We had -20 F this morning:thumbsup: but the wind was bad. It was -30 to -40 wind chill.


----------



## den (Mar 28, 2009)

backstay said:


> We had -20 F this morning:thumbsup: but the wind was bad. It was -30 to -40 wind chill.


 
you should move to "balmy" southern Iowa. We had 20 this morning and 32 now. Sun shining and no wind. Just mud


----------



## Rockyd (Apr 22, 2007)

We have a local amendment (Anchorage, Alaska) 23.30.300.24 - Add a section 300.24: 300.24 Cold Temperature installations: Thermoplastic type insulated wires or cables, or non-metallic tubing shall not be installed when ambient temperatures are less than -7C (20F).

Lots of jobs here in the commercial/inustrial sector have a requirement that the wire be heated for 24 hours if it is cold outside (ya, we work at -20, and -30 up here) and has been brought "indoors" to be pulled.

Helps to warm pipe a day in advance too. It tends to bend without "wrinkling" nearly as much (I love 2" EMT).:laughing:


----------



## Dennis Alwon (May 9, 2009)

Here is what Southwire has to say, but this is for their sim pull stuff



> Romex Wire Applications
> Romex® SIMpull® Type NM-B cable may be used for both exposed and concealed work in normally dry locations at temperatures not to exceed 90°C (with ampacity limited to that for 60°C conductors) as specified in the National Electrical Code.

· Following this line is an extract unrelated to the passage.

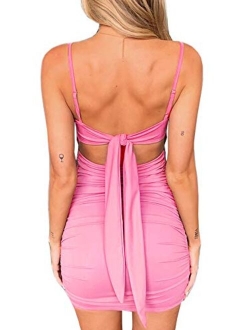 Just Quella Women Adjustable Straps Mustard Mini Bodycon Dress Sleeveless Sexy Backless Long Tie Up on Back Party Dress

NM-B cable may be run in air voids of masonry block or tile walls where such walls are not subject to excessive moisture or dampness. Voltage rating for NM-B cable is 600 volts.
> 
> Romex® SIMpull® Type NMD90 cable may be used for both exposed work in dry locations or concealed work in dry or damp locations. The maximum allowable conductor temperature is 90°C. The minimum recommended installation temperature is minus 25° C for two-conductor cables, and minus 10°C for three-conductor cables (with suitable handling procedures). Material should be properly stored above 0°C for 24 hours prior to installation. The maximum voltage rating for all intended applications is 300 volts. Consult the Canadian Electrical Code for further information related to applications.


----------



## Rockyd (Apr 22, 2007)

CEC? Forgot that he was to the EAST of me, and North of you guys "down south":thumbup:.....


----------



## d-fi (Feb 21, 2011)

Our cold weather test for wire is to take a scrap of 14/2 (that didn't come out of a warm van) about 4' long whip it against the framing if sheath breaks time to go home or do something other than pull wire, around -20C is usually the limit.

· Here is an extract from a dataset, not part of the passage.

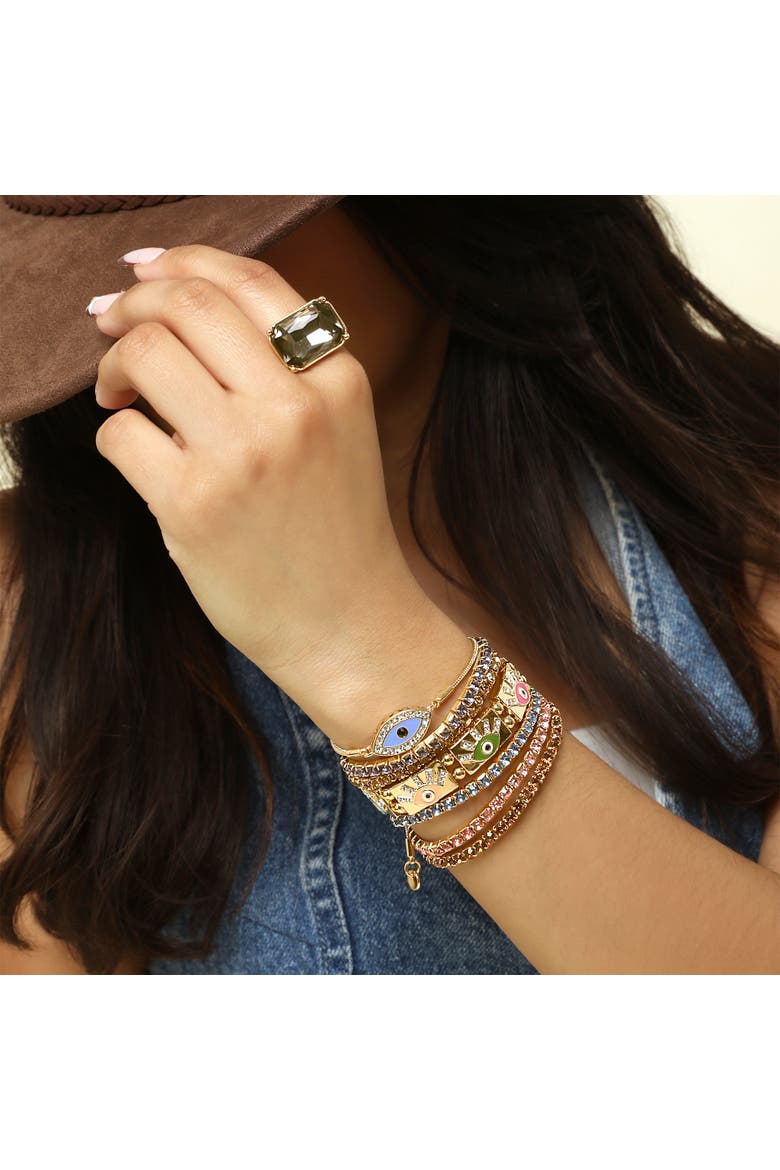 Gold-Tone Evil Eye Bracelet, Alternate, color, Gold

If you really HAVE to pull wire in colder temperatures just set up your reels of wire in front of a heater and keep moving  Just be real careful about snagging it can take the sheath right off


----------



## farlsincharge (Dec 31, 2010)

Below -10, I'm not going anywhere near a sheeted in house with no heat. I feel for you guys that have no choice in the matter.

We have been receiving NMD marked "freeze flex" lately. I dislike it because it doesn't pull as nicely through the joists, but it may help you out.


----------



## d-fi (Feb 21, 2011)

farlsincharge said:


> Below -10, I'm not going anywhere near a sheeted in house with no heat. I feel for you guys that have no choice in the matter.
> 
> We have been receiving NMD marked "freeze flex" lately. I dislike it because it doesn't pull as nicely through the joists, but it may help you out.

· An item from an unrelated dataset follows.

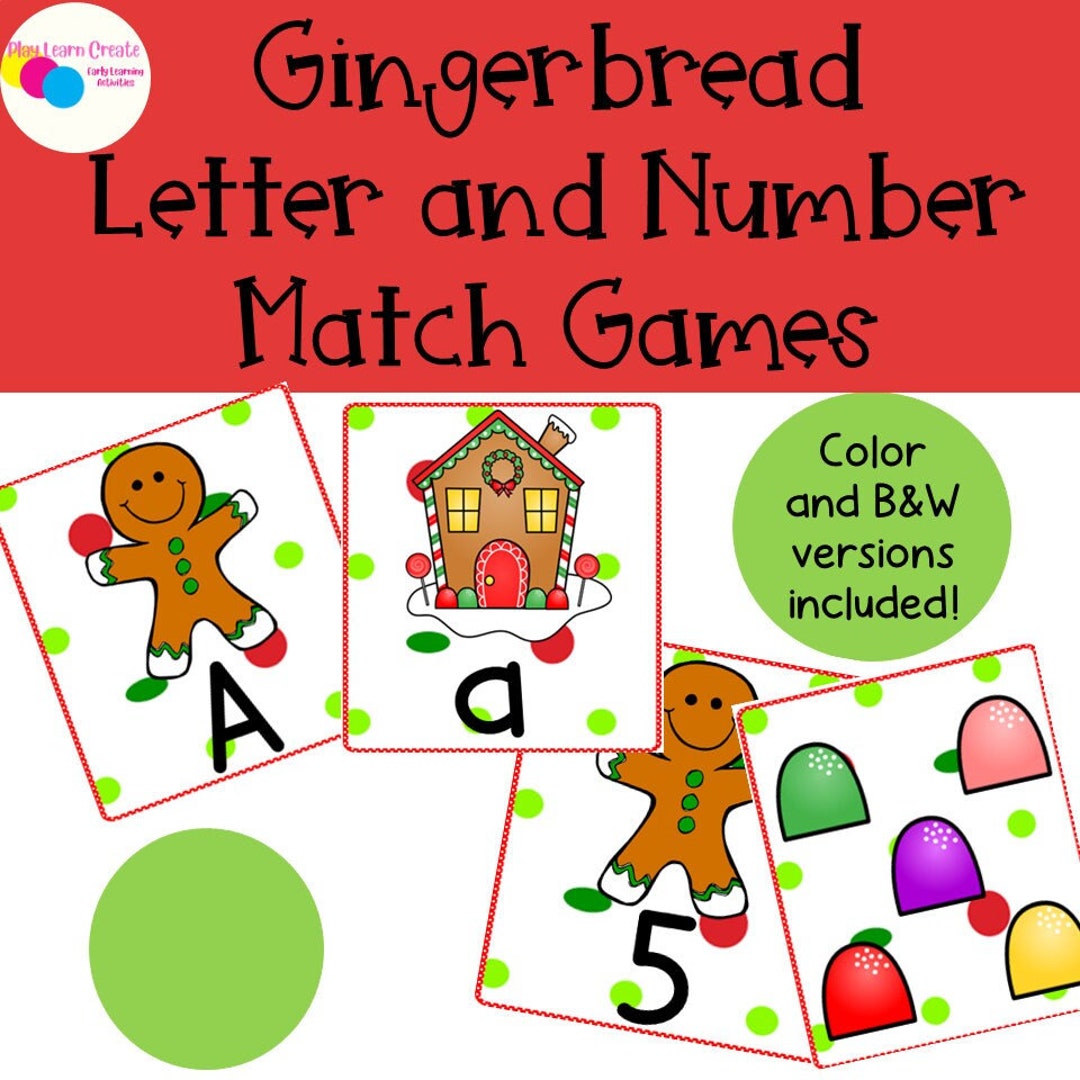 Gingerbread Letter and Number Games, Gingerbread Preschool Math, Gingerbread Literacy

The "freeze flex" is marked on some of the wire we use I haven't noticed a huge difference compared to non freeze flex. Once it gets past -20C I'm usually only worried about getting the job done and not wrecking the wire.

House has to be sheeted & have windows and doors on for us to work in those temps plus we bring our diesel heater. That's only if there isn't enough heated indoor work to go around. 

Like you said sometimes you don't get a choice

Sent from my Nexus One using Electrician Talk


----------



## wcord (Jan 23, 2011)

dpb32 said:


> Hey guys just wondering what is the minimum temp that you guys will
> Work with romex or loomex as we call it here in Canada?
> We are having a cold spell here and I noticed the wire cracks real easy ecspecially 3wire.


I believe that the manufacturer stamps the minimum temp on the wire. and i think its -25 C for NMD

In reality, unless the place HAS to be wired, I will pull my guys out when its -20 and if there are other places to work, -15 is the magic number.

If we have to wire a place, than our diesel heater (4 liters per hour which means $4.48 cdn) is turned on. 

I look at the productivity more than the damage to the wire. If its too cold for the guys, its too cold for the wire. (at least for our residential)


----------



## electrolover (Feb 12, 2011)

dpb32 said:


> Hey guys just wondering what is the minimum temp that you guys will
> Work with romex or loomex as we call it here in Canada?
> We are having a cold spell here and I noticed the wire cracks real easy ecspecially 3wire.



ATLEAST GO GET SOME mc CABLE, SHACKER!


----------



## JohnR (Apr 12, 2010)

electrolover said:


> ATLEAST GO GET SOME mc CABLE, SHACKER!


You sound just like a troll I once knew.


----------